Your objective ::
Without the pictures, set down every line of the data exactly.
((
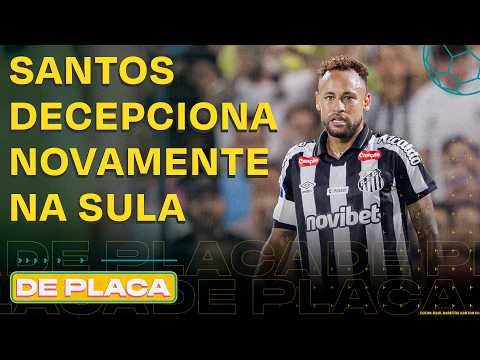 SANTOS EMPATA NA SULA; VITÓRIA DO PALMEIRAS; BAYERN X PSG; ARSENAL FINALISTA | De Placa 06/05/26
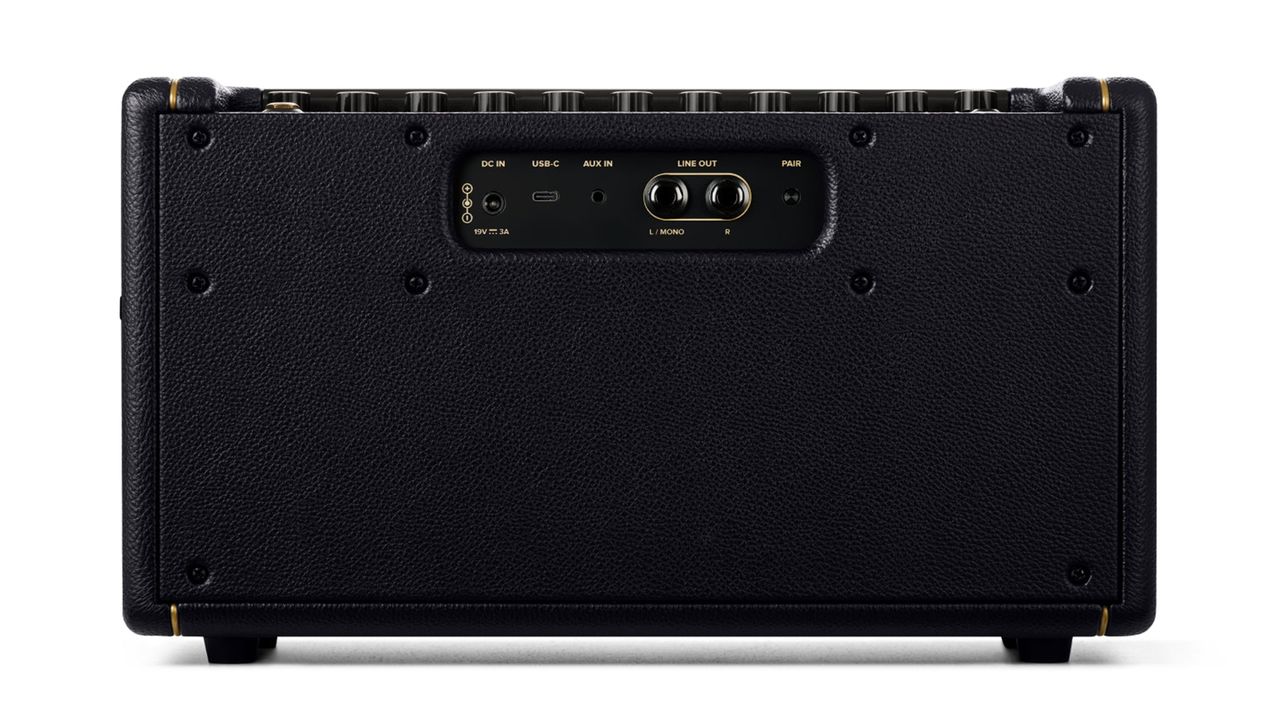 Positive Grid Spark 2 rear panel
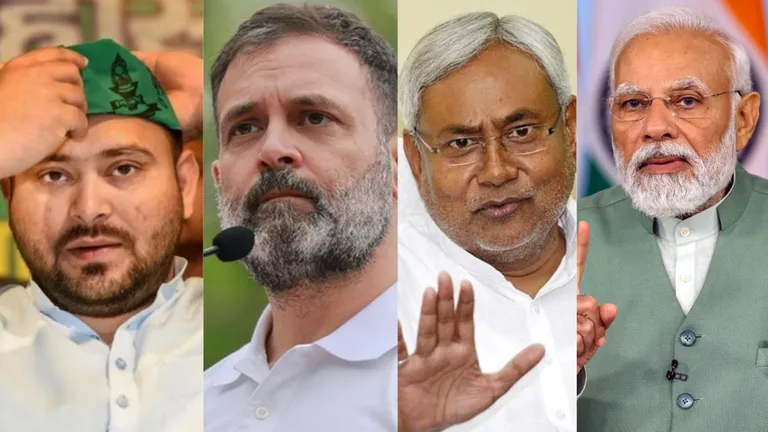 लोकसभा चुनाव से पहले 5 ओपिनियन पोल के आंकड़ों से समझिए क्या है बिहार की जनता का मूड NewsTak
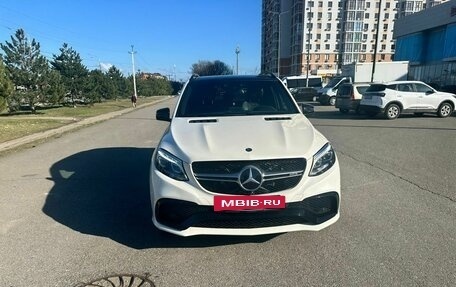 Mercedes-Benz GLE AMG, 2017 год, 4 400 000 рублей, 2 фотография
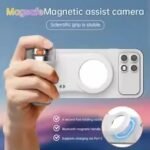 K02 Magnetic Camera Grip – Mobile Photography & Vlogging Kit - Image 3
))
Solved problem ::
 SANTOS EMPATA NA SULA; VITÓRIA DO PALMEIRAS; BAYERN X PSG; ARSENAL FINALISTA | De Placa 06/05/26
 Positive Grid Spark 2 rear panel
 लोकसभा चुनाव से पहले 5 ओपिनियन पोल के आंकड़ों से समझिए क्या है बिहार की जनता का मूड NewsTak
 Mercedes-Benz GLE AMG, 2017 год, 4 400 000 рублей, 2 фотография
 K02 Magnetic Camera Grip – Mobile Photography & Vlogging Kit - Image 3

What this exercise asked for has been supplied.